Problem to solve → Every picture should be left out, but the lines below must be repeated exactly.

Material provided →
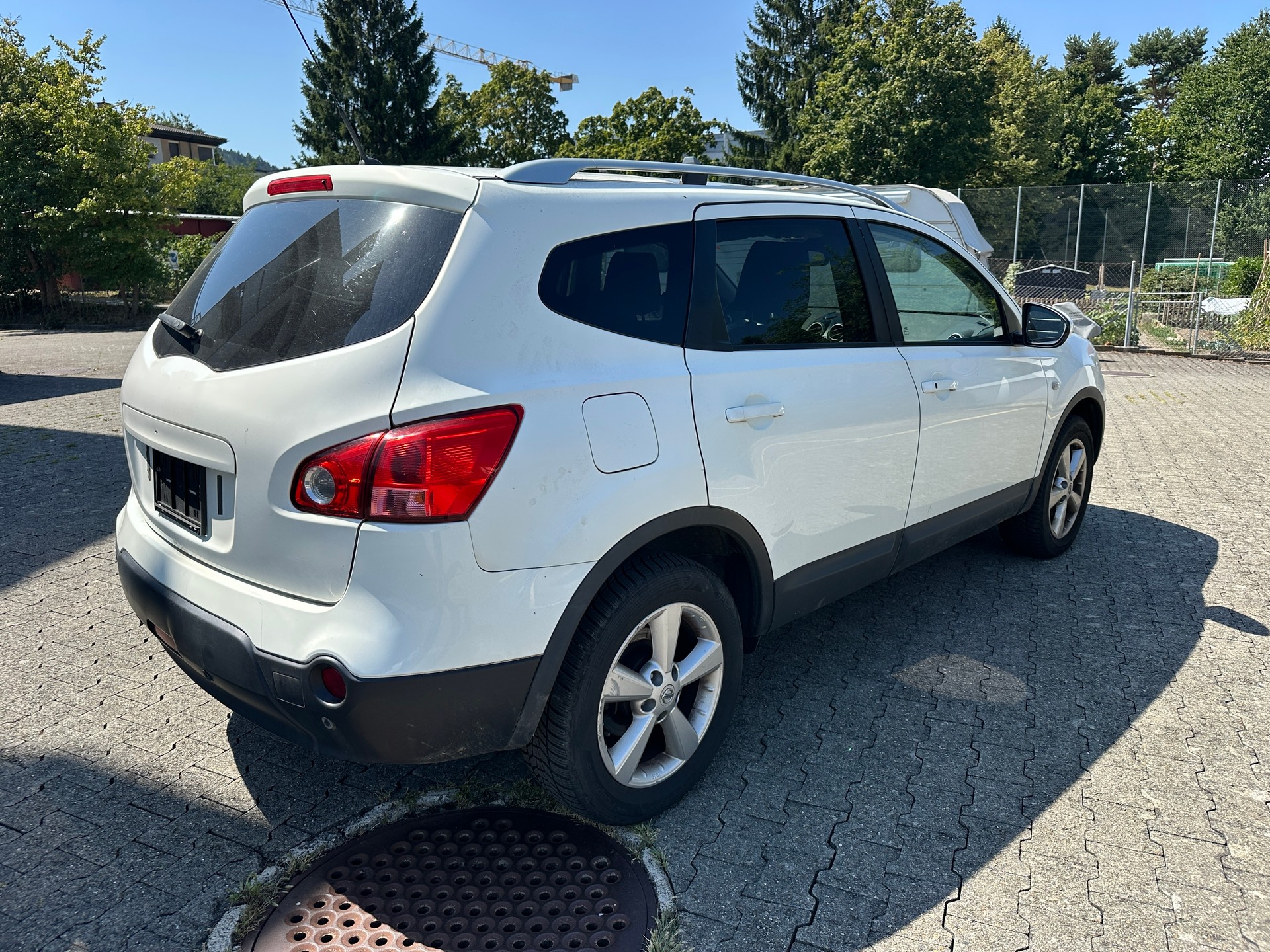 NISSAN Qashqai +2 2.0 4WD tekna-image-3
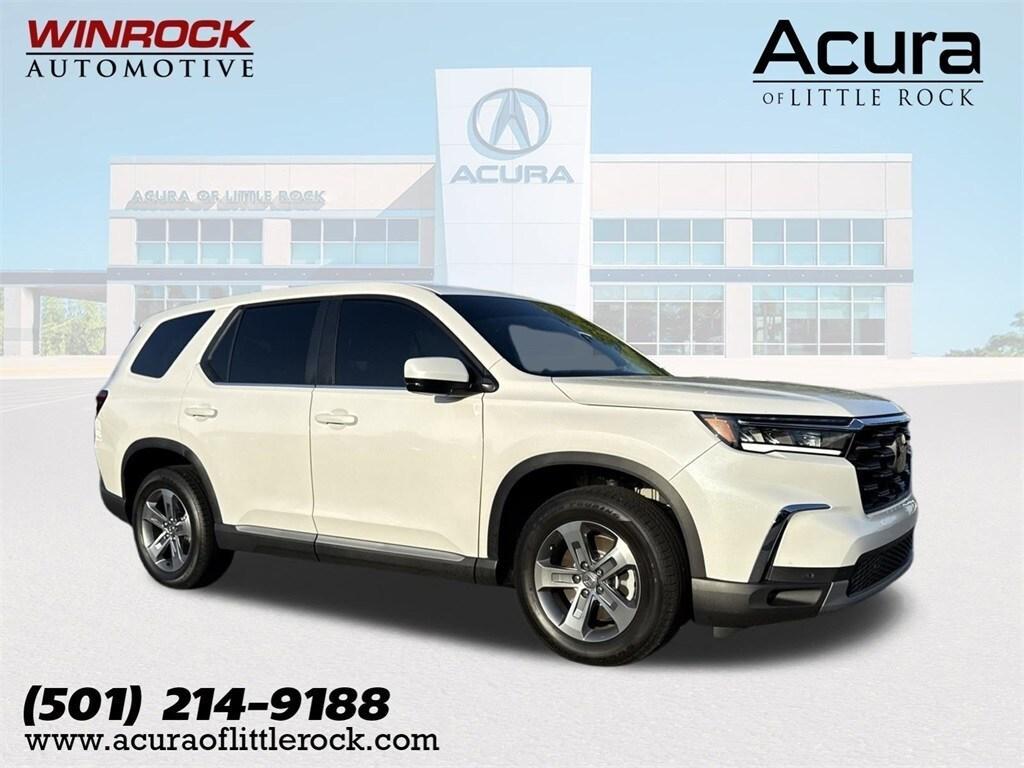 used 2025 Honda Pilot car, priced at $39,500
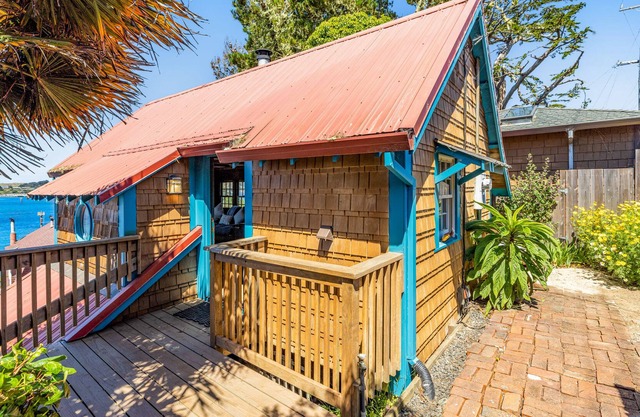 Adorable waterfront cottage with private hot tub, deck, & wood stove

Written response →
 NISSAN Qashqai +2 2.0 4WD tekna-image-3
 used 2025 Honda Pilot car, priced at $39,500
 Adorable waterfront cottage with private hot tub, deck, & wood stove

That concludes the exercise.